## INFORMATION SHOWN
_ _ _

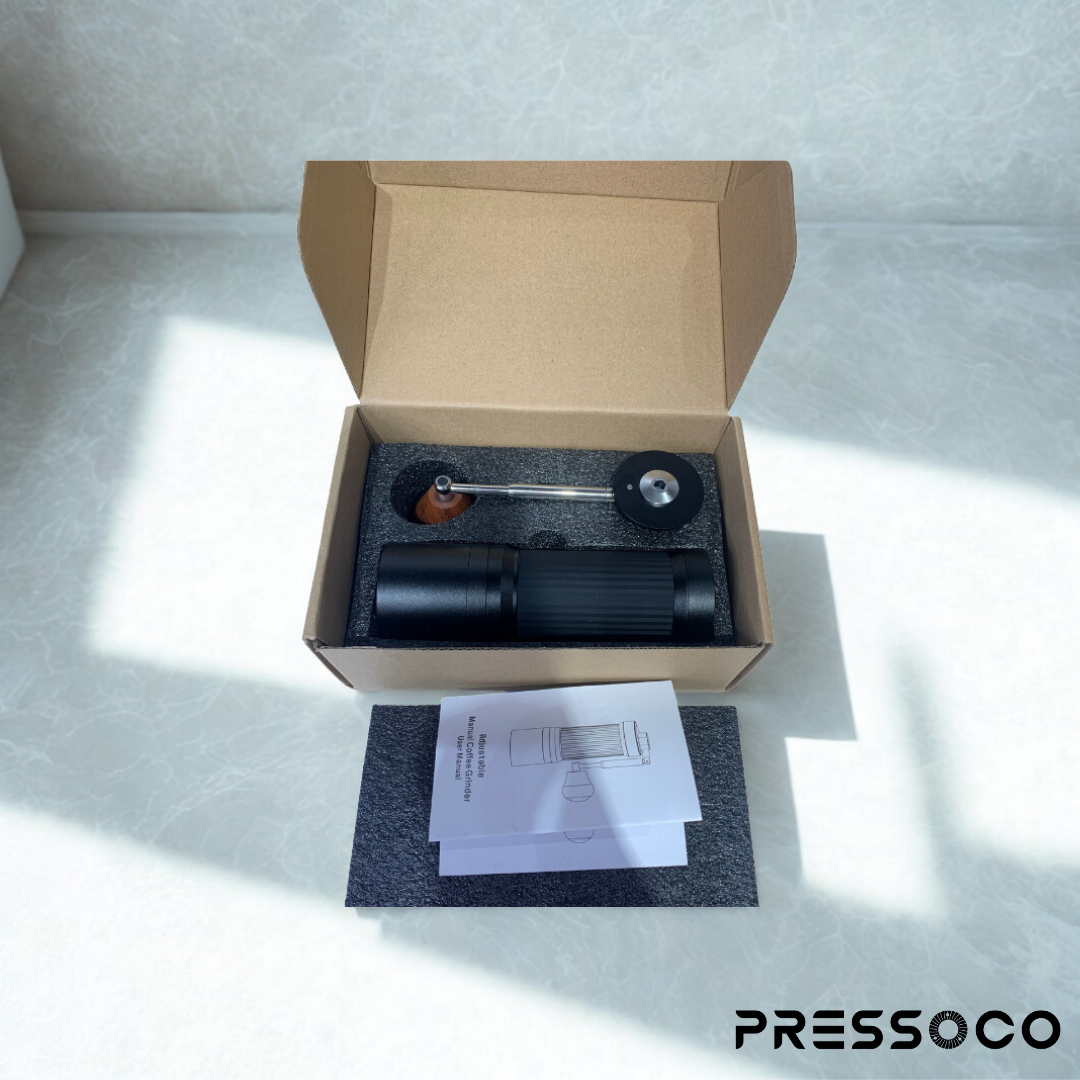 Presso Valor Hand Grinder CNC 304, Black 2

_ _ _

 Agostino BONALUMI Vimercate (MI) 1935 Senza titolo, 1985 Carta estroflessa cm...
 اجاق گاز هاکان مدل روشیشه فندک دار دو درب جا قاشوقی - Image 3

_ _ _

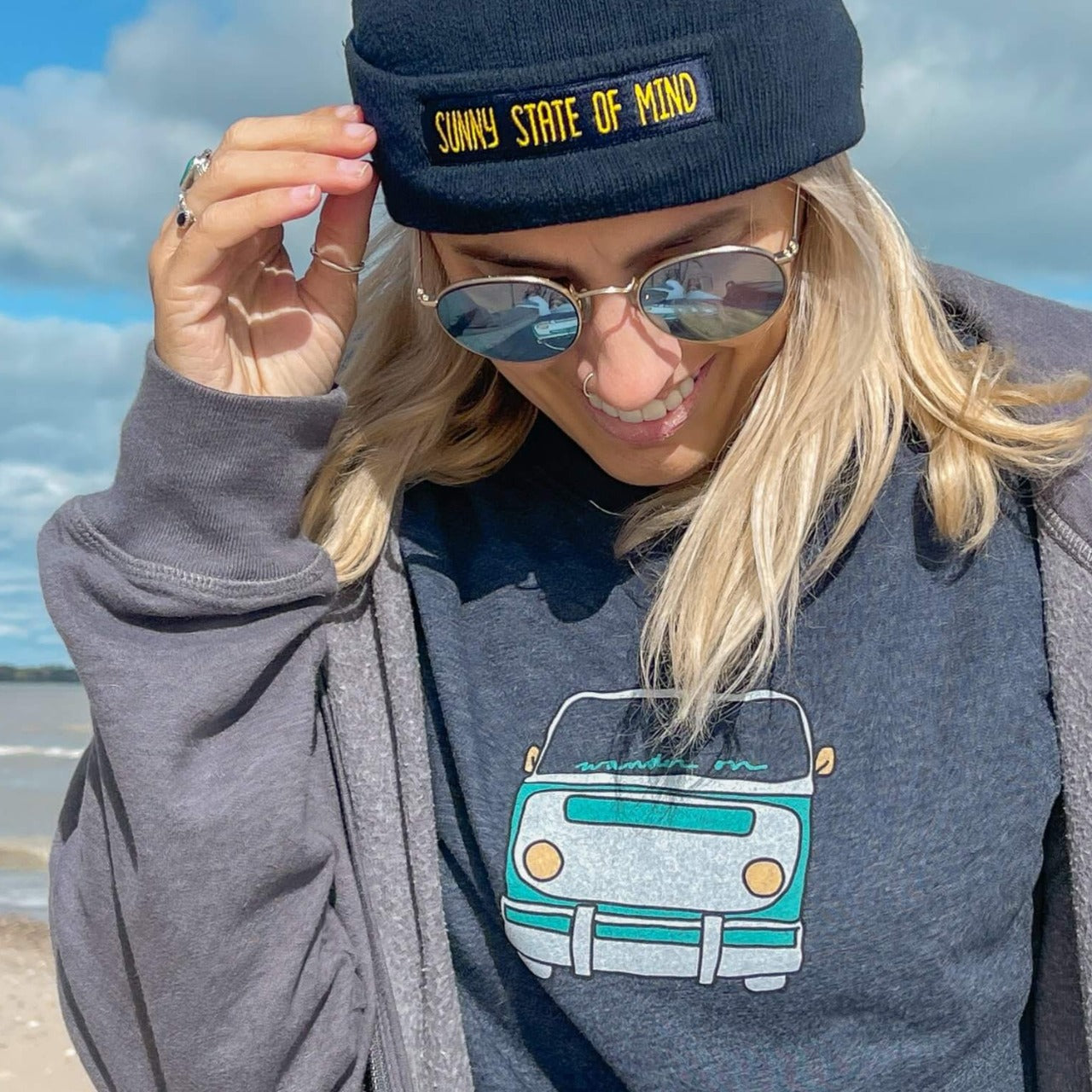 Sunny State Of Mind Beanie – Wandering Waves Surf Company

_ _ _

## THE PROBLEM
Of the lines above, extract only those from the line with "Agostino BONALUMI Vimercate" to the line with "اجاق گاز هاکان", both included, exactly as written.

## OUTPUT
 Agostino BONALUMI Vimercate (MI) 1935 Senza titolo, 1985 Carta estroflessa cm...
 اجاق گاز هاکان مدل روشیشه فندک دار دو درب جا قاشوقی - Image 3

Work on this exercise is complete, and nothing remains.